- **Task description**: Among the lines below, keep only those from the one containing "20-second tutorial on" through the one containing "I will for instance", and reproduce them exactly.
Given records START
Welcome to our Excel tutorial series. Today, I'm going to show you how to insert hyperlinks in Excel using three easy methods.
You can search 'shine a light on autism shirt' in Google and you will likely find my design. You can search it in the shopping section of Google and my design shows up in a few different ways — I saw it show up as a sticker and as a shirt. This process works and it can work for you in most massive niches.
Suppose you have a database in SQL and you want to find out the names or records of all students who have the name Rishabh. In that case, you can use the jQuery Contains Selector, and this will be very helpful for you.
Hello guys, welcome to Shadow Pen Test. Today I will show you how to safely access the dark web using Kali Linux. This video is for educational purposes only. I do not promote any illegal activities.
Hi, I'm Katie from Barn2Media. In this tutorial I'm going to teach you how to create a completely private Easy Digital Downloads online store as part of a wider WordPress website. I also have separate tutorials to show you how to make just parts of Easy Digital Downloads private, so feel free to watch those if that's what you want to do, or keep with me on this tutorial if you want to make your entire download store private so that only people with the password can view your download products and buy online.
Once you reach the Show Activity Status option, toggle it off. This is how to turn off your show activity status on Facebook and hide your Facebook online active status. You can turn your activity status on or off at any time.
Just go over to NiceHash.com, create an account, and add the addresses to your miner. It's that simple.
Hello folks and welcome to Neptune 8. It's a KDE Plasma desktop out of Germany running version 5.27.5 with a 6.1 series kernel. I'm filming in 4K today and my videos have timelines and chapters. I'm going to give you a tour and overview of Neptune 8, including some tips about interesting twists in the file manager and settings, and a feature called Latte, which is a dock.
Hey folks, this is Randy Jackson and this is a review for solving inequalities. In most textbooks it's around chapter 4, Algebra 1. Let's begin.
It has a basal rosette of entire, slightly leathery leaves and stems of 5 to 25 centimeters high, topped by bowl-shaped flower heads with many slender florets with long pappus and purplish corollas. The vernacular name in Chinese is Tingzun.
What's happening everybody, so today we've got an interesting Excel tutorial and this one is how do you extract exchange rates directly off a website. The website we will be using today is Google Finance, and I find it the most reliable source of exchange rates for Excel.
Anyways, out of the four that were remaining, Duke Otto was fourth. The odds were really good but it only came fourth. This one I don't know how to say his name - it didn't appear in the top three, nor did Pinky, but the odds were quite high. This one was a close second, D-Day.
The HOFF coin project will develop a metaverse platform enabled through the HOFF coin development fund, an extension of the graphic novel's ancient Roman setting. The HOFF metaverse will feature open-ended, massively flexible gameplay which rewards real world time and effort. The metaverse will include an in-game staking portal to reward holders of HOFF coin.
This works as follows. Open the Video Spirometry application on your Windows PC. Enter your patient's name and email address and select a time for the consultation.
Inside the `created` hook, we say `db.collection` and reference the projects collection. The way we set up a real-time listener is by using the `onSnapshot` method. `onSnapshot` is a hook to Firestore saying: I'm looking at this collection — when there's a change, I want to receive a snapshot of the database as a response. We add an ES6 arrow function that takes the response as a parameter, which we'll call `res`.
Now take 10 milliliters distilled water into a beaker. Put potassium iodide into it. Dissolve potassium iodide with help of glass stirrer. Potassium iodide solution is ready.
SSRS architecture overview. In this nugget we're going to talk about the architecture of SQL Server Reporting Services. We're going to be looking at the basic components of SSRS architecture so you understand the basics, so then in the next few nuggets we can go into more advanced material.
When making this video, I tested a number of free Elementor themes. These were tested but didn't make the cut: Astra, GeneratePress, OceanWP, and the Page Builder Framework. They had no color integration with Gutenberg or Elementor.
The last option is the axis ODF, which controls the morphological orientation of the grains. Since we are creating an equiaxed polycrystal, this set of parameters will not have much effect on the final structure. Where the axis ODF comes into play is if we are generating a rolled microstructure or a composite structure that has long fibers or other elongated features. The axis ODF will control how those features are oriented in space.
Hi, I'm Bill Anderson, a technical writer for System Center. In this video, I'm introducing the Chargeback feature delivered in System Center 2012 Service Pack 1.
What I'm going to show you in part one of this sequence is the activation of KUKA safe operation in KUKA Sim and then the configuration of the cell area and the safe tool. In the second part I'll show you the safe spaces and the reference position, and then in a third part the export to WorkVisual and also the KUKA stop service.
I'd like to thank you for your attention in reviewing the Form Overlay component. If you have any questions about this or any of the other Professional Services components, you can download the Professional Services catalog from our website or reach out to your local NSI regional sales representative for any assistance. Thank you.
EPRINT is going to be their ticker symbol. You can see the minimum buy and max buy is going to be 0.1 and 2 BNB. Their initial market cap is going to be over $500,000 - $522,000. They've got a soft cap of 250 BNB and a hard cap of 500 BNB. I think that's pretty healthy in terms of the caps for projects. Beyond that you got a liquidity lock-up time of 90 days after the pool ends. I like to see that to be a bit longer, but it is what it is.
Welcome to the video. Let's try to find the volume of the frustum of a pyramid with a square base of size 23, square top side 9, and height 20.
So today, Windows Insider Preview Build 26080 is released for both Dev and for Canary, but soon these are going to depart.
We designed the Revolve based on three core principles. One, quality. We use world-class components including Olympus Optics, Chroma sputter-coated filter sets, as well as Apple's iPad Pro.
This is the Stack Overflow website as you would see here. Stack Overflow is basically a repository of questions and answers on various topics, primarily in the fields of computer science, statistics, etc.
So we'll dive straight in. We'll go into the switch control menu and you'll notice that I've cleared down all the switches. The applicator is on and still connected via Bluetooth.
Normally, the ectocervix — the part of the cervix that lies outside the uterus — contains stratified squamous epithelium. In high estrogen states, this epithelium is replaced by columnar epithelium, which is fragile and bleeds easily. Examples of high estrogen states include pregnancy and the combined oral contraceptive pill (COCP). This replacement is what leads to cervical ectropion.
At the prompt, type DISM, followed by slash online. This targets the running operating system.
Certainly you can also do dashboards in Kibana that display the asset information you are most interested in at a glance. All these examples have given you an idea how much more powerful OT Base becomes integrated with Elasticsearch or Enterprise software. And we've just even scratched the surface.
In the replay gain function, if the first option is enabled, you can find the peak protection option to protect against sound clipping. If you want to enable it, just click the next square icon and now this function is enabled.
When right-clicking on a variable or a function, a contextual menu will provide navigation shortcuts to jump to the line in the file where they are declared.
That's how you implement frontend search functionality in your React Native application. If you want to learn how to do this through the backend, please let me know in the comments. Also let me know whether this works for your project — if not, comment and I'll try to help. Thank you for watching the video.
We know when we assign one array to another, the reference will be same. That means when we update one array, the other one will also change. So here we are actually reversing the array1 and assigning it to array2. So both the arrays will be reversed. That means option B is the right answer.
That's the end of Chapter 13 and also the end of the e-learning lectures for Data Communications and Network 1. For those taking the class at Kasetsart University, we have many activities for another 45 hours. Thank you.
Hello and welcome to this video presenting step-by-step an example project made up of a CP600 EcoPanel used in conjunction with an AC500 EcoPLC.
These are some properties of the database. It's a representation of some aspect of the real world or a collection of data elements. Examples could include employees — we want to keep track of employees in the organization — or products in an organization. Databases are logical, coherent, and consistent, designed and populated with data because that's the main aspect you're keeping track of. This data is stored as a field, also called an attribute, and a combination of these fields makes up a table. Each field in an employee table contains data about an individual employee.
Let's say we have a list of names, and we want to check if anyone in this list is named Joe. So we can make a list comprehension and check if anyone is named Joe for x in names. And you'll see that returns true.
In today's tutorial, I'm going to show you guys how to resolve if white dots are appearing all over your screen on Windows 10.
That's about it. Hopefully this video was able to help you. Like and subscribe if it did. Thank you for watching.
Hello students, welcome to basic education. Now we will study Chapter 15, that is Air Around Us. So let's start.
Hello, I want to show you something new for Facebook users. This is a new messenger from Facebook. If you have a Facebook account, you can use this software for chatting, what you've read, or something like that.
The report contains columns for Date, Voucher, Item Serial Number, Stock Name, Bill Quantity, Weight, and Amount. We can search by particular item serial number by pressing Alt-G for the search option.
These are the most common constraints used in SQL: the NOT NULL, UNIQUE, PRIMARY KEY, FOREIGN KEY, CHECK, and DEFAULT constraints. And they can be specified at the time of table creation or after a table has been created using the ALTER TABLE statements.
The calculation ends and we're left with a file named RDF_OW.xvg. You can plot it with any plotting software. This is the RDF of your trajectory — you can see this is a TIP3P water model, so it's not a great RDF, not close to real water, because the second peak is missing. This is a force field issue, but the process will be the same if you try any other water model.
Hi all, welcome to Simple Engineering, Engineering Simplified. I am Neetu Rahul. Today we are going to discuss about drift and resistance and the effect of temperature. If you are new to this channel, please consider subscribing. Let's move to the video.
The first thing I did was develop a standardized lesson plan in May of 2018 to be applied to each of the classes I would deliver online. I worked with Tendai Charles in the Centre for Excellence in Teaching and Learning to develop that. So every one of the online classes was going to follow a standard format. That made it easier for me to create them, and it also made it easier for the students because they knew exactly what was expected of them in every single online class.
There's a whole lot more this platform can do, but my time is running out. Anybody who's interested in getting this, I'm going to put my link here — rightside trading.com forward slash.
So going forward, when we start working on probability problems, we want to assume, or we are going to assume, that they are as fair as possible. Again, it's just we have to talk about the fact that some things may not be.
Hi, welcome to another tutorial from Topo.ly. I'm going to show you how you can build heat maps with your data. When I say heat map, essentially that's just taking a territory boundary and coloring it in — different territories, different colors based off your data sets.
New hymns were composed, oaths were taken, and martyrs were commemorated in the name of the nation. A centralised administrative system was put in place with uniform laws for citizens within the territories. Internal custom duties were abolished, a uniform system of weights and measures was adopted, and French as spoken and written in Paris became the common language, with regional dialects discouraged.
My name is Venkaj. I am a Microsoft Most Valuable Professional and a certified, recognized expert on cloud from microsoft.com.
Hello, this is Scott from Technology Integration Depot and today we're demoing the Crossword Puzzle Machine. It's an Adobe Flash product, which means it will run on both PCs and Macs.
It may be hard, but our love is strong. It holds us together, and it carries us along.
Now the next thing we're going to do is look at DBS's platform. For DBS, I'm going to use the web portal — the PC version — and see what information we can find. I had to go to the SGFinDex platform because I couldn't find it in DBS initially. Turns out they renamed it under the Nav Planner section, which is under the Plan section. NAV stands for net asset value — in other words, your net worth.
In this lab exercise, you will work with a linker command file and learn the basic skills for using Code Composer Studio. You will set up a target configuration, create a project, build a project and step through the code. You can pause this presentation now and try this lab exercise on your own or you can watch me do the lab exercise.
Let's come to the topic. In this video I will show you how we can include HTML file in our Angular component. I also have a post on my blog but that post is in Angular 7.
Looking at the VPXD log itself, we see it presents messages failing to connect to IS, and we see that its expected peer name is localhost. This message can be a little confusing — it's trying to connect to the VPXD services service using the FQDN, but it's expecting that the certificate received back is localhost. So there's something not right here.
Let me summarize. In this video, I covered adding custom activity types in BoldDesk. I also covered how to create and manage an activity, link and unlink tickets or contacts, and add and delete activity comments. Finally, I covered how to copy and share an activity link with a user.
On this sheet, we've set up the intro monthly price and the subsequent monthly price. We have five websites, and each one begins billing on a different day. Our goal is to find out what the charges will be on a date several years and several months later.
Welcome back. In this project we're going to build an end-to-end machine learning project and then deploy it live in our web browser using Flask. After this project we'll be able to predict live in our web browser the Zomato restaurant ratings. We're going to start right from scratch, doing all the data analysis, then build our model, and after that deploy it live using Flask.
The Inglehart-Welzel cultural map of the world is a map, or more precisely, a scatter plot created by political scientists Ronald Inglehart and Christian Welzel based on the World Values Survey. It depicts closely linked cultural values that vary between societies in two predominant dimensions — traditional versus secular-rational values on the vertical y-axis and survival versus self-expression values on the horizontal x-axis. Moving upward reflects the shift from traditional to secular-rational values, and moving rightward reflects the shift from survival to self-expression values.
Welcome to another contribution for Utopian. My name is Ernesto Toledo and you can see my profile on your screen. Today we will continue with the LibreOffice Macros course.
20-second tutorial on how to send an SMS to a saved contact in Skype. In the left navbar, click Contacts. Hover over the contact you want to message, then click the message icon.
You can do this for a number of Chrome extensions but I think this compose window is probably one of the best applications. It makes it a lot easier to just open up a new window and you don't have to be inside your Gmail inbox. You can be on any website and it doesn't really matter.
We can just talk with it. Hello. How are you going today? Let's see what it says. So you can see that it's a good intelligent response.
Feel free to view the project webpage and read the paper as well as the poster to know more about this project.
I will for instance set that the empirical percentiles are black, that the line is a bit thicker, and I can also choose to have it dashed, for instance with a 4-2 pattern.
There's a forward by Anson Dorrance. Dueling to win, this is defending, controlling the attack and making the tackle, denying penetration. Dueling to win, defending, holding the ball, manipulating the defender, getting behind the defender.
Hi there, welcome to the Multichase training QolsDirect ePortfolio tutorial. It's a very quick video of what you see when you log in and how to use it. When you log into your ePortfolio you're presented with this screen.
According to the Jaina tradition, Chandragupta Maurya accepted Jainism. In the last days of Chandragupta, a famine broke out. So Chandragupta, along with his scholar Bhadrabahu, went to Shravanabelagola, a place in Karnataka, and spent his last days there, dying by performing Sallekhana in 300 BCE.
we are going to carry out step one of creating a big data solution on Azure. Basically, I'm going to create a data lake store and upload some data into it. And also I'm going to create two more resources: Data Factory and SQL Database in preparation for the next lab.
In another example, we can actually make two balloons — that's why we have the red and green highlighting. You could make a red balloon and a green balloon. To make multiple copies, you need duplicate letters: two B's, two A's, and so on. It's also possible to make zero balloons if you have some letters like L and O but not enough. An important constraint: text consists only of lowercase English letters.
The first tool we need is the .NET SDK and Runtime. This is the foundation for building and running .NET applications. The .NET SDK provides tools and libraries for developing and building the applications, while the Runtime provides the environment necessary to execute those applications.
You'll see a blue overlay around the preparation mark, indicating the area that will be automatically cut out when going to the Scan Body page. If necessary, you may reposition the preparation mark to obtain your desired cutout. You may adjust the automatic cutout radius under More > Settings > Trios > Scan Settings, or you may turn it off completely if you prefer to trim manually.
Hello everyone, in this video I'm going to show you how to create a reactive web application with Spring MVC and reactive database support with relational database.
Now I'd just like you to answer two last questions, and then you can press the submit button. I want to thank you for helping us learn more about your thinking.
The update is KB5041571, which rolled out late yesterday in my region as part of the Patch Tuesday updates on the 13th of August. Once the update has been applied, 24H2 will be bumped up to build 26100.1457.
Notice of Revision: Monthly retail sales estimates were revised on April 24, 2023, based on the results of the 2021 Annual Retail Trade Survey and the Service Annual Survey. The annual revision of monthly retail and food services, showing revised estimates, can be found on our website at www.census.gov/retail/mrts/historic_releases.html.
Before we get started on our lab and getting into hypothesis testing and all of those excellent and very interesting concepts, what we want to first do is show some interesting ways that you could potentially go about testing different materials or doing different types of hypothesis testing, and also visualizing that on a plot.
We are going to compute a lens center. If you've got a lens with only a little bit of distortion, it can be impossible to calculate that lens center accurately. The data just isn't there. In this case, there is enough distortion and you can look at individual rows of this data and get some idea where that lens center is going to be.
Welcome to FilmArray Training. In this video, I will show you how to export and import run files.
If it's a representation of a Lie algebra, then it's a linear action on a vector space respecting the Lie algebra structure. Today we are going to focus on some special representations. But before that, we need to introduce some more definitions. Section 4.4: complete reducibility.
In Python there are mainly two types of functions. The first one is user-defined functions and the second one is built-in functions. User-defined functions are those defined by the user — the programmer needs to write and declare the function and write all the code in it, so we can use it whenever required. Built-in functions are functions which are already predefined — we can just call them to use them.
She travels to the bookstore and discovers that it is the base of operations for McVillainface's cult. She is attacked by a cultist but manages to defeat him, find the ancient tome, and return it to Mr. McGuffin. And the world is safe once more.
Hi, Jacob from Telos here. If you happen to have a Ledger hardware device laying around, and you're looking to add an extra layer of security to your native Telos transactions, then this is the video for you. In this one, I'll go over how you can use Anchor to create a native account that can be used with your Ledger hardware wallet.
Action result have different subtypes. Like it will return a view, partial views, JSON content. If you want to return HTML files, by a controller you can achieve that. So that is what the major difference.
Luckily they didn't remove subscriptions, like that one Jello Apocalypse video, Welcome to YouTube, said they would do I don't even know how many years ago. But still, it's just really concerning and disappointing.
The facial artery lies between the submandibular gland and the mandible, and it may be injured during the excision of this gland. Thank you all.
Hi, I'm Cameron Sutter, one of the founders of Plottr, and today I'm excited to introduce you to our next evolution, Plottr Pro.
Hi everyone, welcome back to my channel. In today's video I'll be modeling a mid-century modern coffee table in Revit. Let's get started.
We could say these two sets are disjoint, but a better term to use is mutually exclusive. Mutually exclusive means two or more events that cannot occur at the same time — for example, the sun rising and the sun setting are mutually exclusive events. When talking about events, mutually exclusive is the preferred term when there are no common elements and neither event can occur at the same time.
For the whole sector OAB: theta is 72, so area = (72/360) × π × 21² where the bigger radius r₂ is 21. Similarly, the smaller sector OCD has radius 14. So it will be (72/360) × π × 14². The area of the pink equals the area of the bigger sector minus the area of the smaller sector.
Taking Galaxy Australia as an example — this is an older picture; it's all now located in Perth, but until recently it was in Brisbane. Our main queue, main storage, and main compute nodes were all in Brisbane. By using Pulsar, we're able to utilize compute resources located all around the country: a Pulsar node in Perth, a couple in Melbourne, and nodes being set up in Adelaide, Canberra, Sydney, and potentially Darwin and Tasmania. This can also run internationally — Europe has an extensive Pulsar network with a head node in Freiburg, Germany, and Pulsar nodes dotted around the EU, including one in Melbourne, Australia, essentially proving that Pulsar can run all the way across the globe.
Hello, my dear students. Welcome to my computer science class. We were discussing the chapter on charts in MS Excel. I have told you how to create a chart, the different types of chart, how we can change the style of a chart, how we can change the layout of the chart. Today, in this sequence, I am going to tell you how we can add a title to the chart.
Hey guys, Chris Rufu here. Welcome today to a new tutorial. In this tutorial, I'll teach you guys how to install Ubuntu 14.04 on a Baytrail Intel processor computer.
Given records END
- **Expected answer**:
20-second tutorial on how to send an SMS to a saved contact in Skype. In the left navbar, click Contacts. Hover over the contact you want to message, then click the message icon.
You can do this for a number of Chrome extensions but I think this compose window is probably one of the best applications. It makes it a lot easier to just open up a new window and you don't have to be inside your Gmail inbox. You can be on any website and it doesn't really matter.
We can just talk with it. Hello. How are you going today? Let's see what it says. So you can see that it's a good intelligent response.
Feel free to view the project webpage and read the paper as well as the poster to know more about this project.
I will for instance set that the empirical percentiles are black, that the line is a bit thicker, and I can also choose to have it dashed, for instance with a 4-2 pattern.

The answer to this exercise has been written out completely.